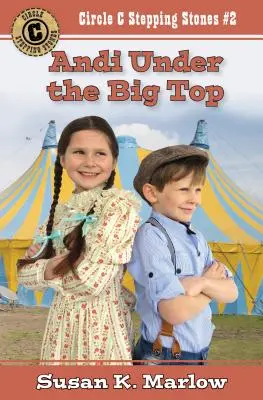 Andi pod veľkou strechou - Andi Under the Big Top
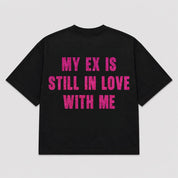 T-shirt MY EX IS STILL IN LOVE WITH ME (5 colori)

* * *

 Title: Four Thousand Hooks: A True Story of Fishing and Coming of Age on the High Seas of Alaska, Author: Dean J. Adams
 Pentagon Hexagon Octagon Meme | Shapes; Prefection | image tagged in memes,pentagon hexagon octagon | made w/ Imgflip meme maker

▸ **TASK OBJECTIVE**: What belongs in the answer is each line above from the line with "Andi pod veľkou" to the line with "T-shirt MY EX", inclusive, reproduced exactly and free of pictures.

▸ **RESPONSE FOR THIS EXERCISE**:
 Andi pod veľkou strechou - Andi Under the Big Top
 T-shirt MY EX IS STILL IN LOVE WITH ME (5 colori)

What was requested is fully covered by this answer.